Polygamy. The word felt foreign on my tongue, sharp and bitter. How could this be God’s will? Why hadn’t the missionaries spoken of this? What would my parents think when they arrived?
In the weeks that followed, I learned the harsh realities of life as a young, single woman in this strange new world. Resources were scarce, and those without immediate family or connections struggled to survive. When it was suggested that I marry the prophet himself, I felt the walls closing in around me.
And now, here I stand. In mere hours, I’ll become the newest Mrs. Young. Not the blushing bride I’d dreamed of being, but one of many - a number, not a name. How will I explain this to my family when they arrive?
I catch my reflection’s eye once more, seeing the fear there, but also a flicker of steely determination. I’ve crossed an ocean and a continent to be here. I’ve left behind everything familiar, sent ahead as a pioneer for my family’s new life. Several in my party died as we crossed the Great Plains of America. There’s no safe way back to England, Manchester may as well be on the moon.

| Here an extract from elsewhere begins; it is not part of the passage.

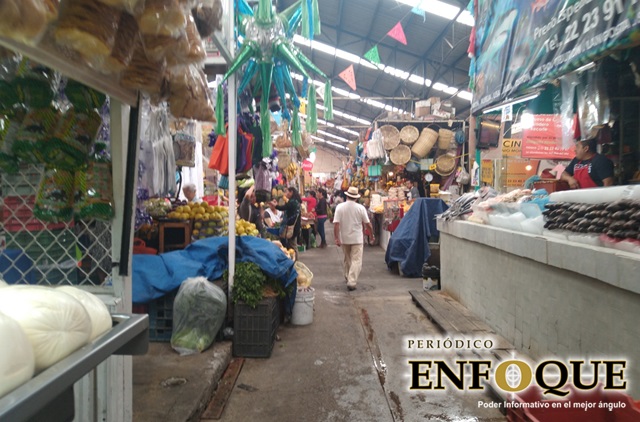 Baja afluencia de personas en mercado de San Pedro Cholula durante Covid-19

I take a deep breath, squaring my shoulders. I may not have chosen this, but I will survive it. I have to believe that somewhere in this vast, unforgiving land, there’s still a place for the dreams of a girl from London. And perhaps, in time, I can make sense of this new world for my family when they join me.
As I prepare for the ceremony, my mind drifts to the man I’m about to marry. Brigham Young is not what one would call desirable, at least not in the way I’d once dreamed of a husband. He’s a stout man in his early fifties, with a square face framed by graying whiskers. His eyes are sharp and calculating, set deep beneath a furrowed brow that speaks of years of hard decisions. There’s a hardness to his mouth, a perpetual downward turn that rarely softens into a smile.

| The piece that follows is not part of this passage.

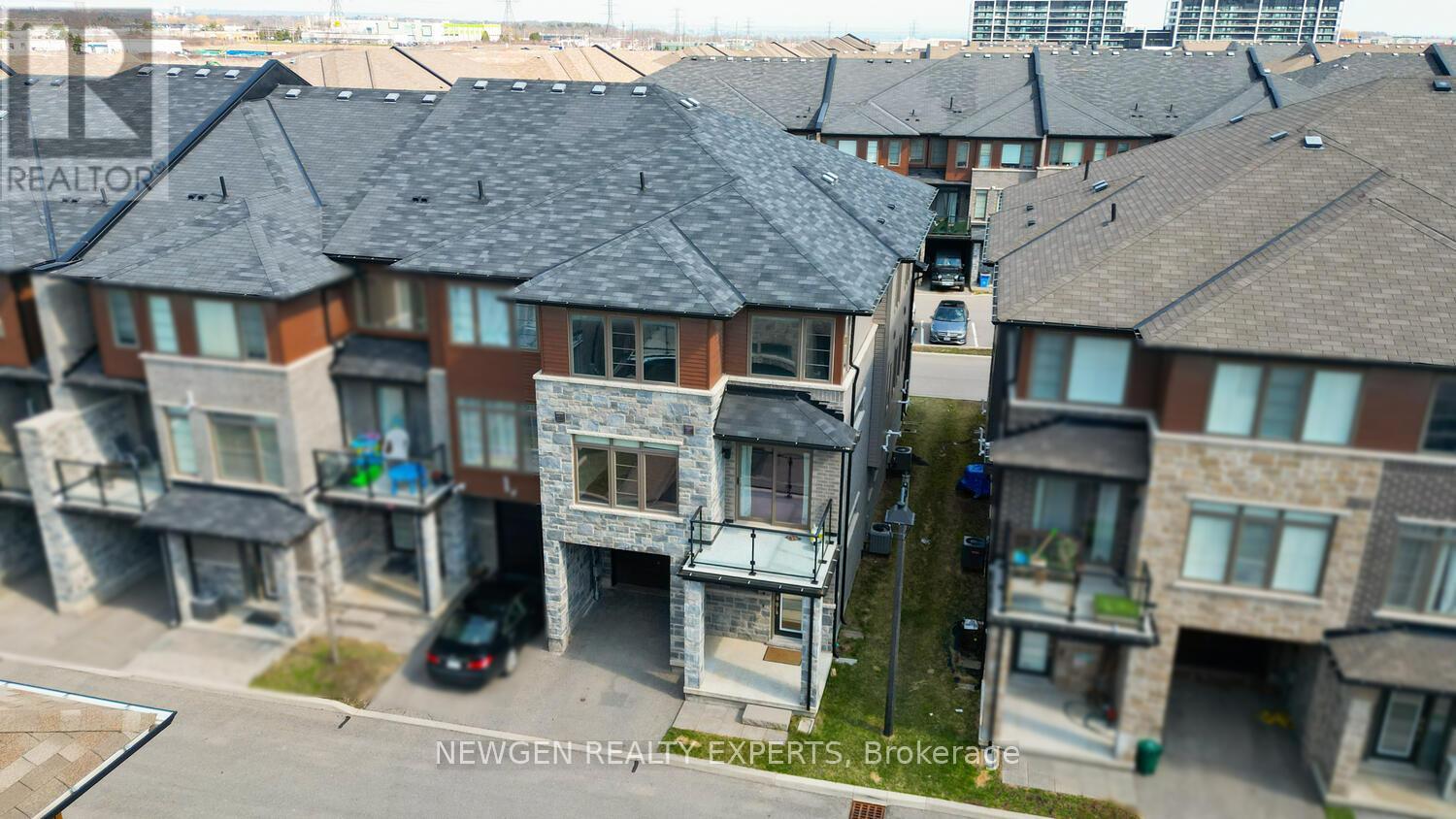 283 - 30 Times Square Boulevard, Hamilton, Ontario  L8J 0L9 - Photo 2 - X12988474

Yet, it’s not his appearance that truly matters here. Brigham Young is power personified in this territory. His influence extends into every corner of Salt Lake City and beyond. I’ve heard whispers that there isn’t a business or venture in Utah that doesn’t bear his fingerprints in some way.
This marriage, I’ve come to understand, is as much a business arrangement as anything else. By agreeing to become one of his wives, I’m ensuring my safety and prosperity in this harsh new world. It’s a cold comfort, but a comfort nonetheless. I’ll have food on my table, a roof over my head, and a measure of respect that comes with the Young name.
More importantly, when my family arrives, I’ll be in a position to help them. As Brigham Young’s wife, I’ll have access to resources and connections that could make the difference between my family thriving or merely surviving in this unforgiving land.
It’s not love, not even close. But it’s security. And in this strange new world where I find myself so utterly alone, security feels like the closest thing to love I can hope for.